**Task instructions**
The required output is the exact run of lines in the listing below from the line holding "Baritone saxophone player in white jacket" through the line holding "Person in black", with no pictures.

**Task input**
# # #
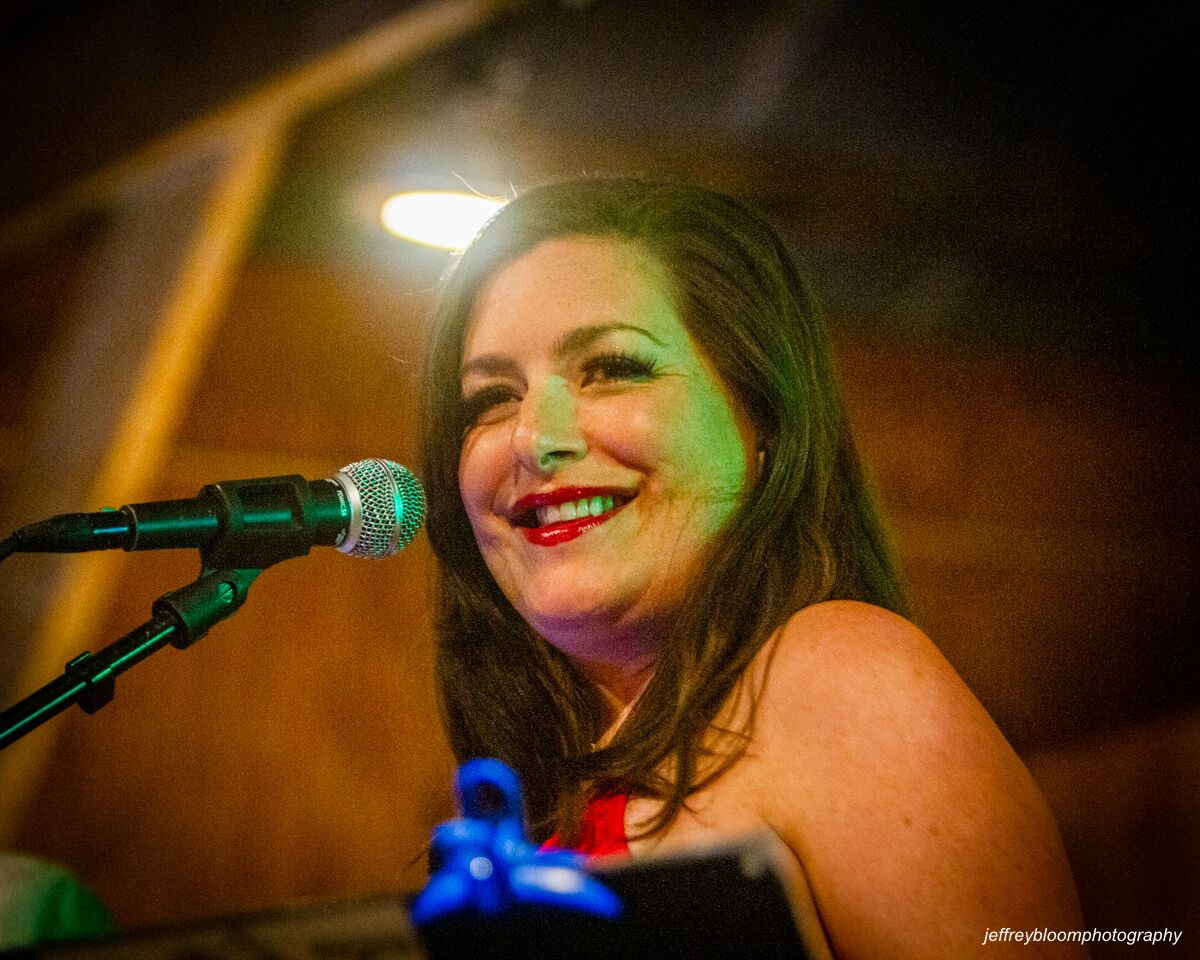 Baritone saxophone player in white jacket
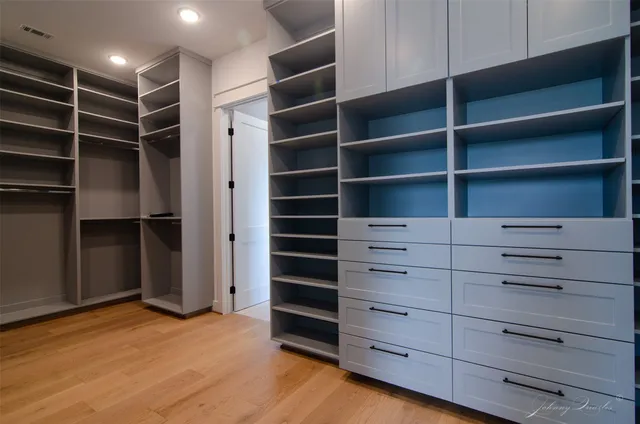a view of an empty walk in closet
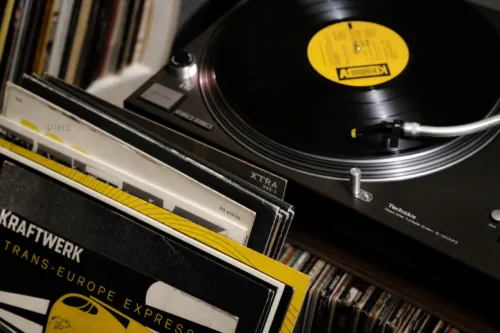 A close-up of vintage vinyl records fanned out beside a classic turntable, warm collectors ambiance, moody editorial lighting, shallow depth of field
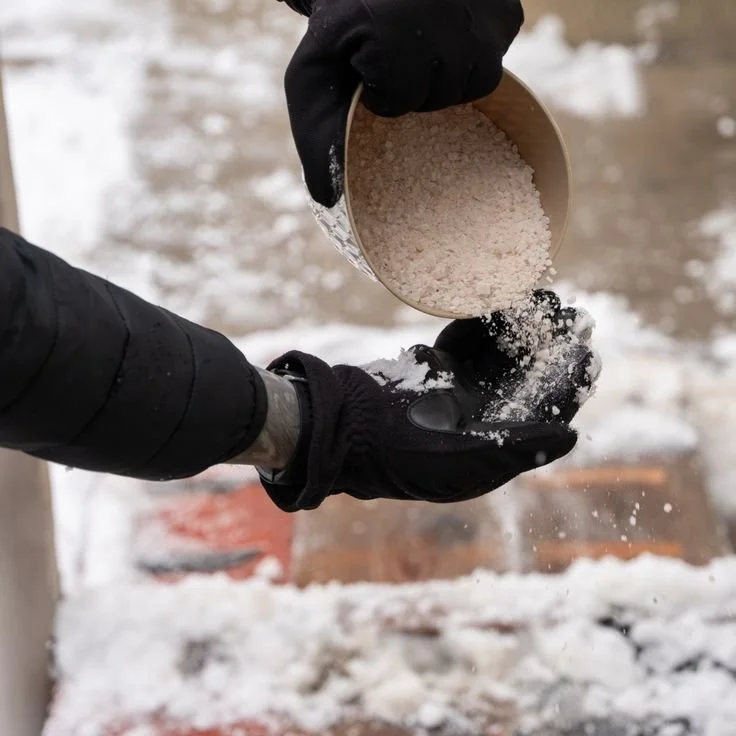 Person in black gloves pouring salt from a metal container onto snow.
# # #
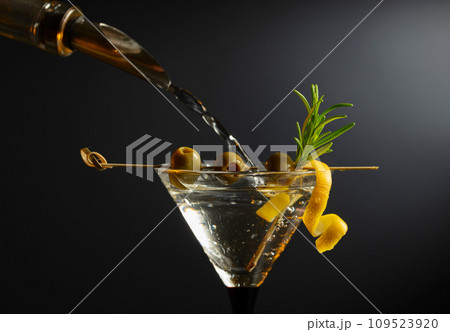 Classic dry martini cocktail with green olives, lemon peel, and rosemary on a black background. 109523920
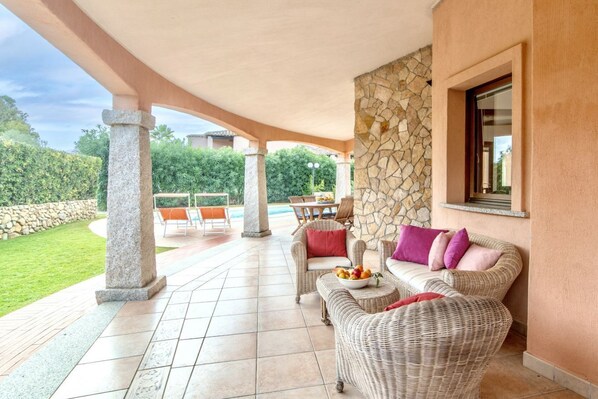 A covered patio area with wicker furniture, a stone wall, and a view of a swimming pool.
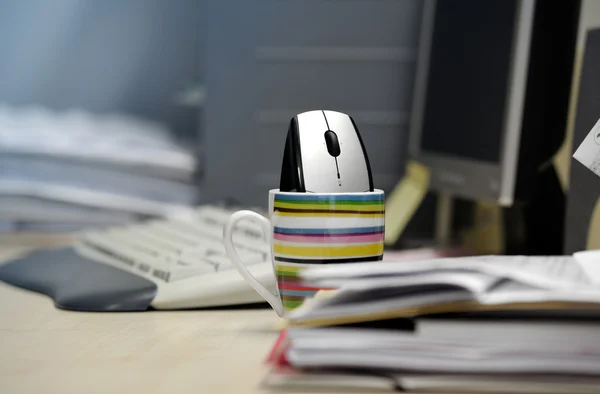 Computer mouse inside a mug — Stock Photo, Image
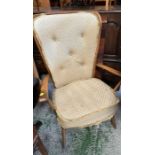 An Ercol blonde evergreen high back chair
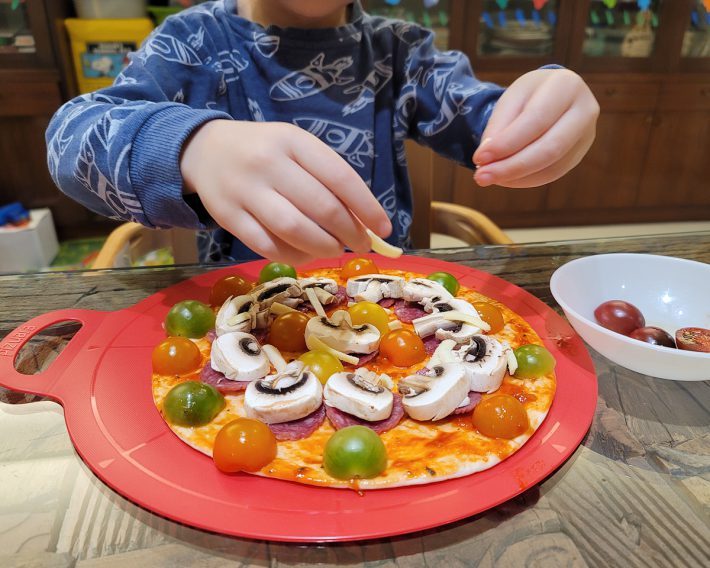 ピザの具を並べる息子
# # #
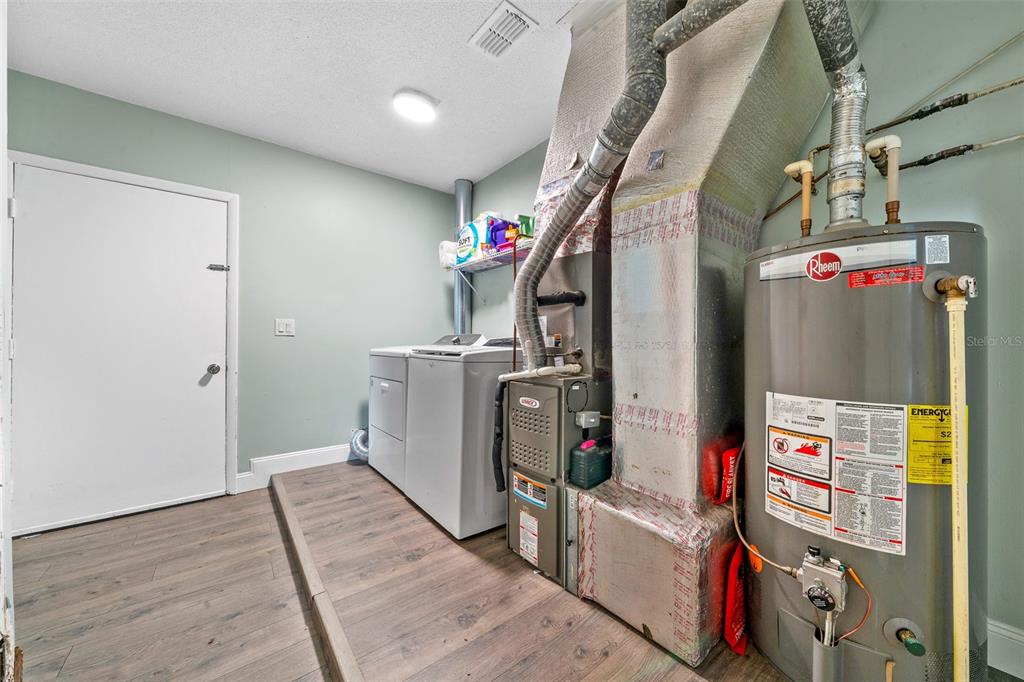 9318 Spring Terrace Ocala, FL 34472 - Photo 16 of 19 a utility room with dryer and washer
# # #
**Task answer**
 Baritone saxophone player in white jacket
a view of an empty walk in closet
 A close-up of vintage vinyl records fanned out beside a classic turntable, warm collectors ambiance, moody editorial lighting, shallow depth of field
 Person in black gloves pouring salt from a metal container onto snow.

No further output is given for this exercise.